* What to do
The expected response is the complete listing below, restated exactly, with its pictures omitted.

* Data shown

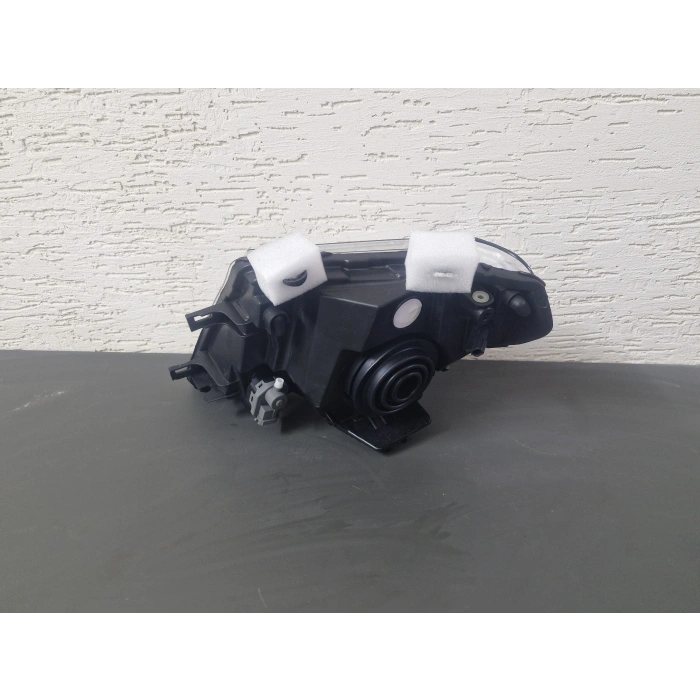 NİSSAN NAVARA SAĞ ÖN FAR MOTORLU SIFIR 2012-2014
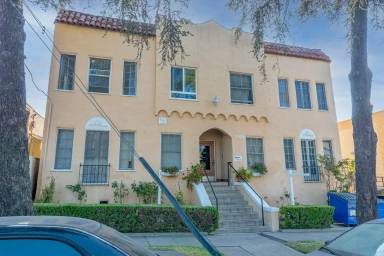Main picture of 1522 N Mariposa Ave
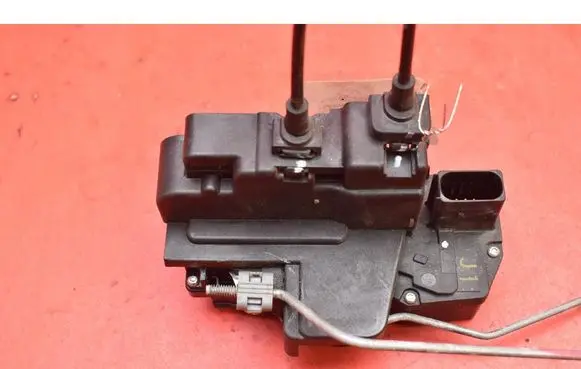Chevrolet Captiva Front door lock A046818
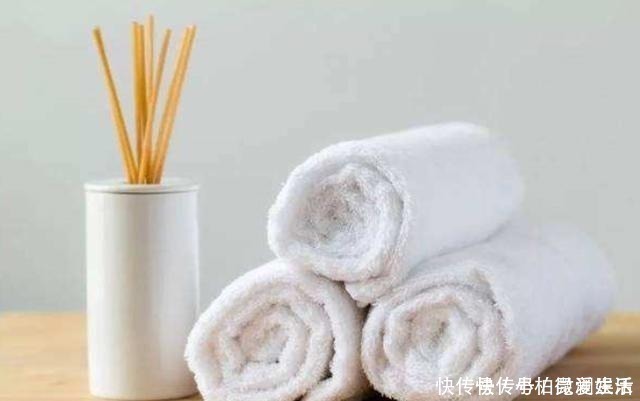 回家|白醋和洗衣液混合真厉害,解决了家家户户的难题,回家试试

* Answer
 NİSSAN NAVARA SAĞ ÖN FAR MOTORLU SIFIR 2012-2014
Main picture of 1522 N Mariposa Ave
Chevrolet Captiva Front door lock A046818
 回家|白醋和洗衣液混合真厉害,解决了家家户户的难题,回家试试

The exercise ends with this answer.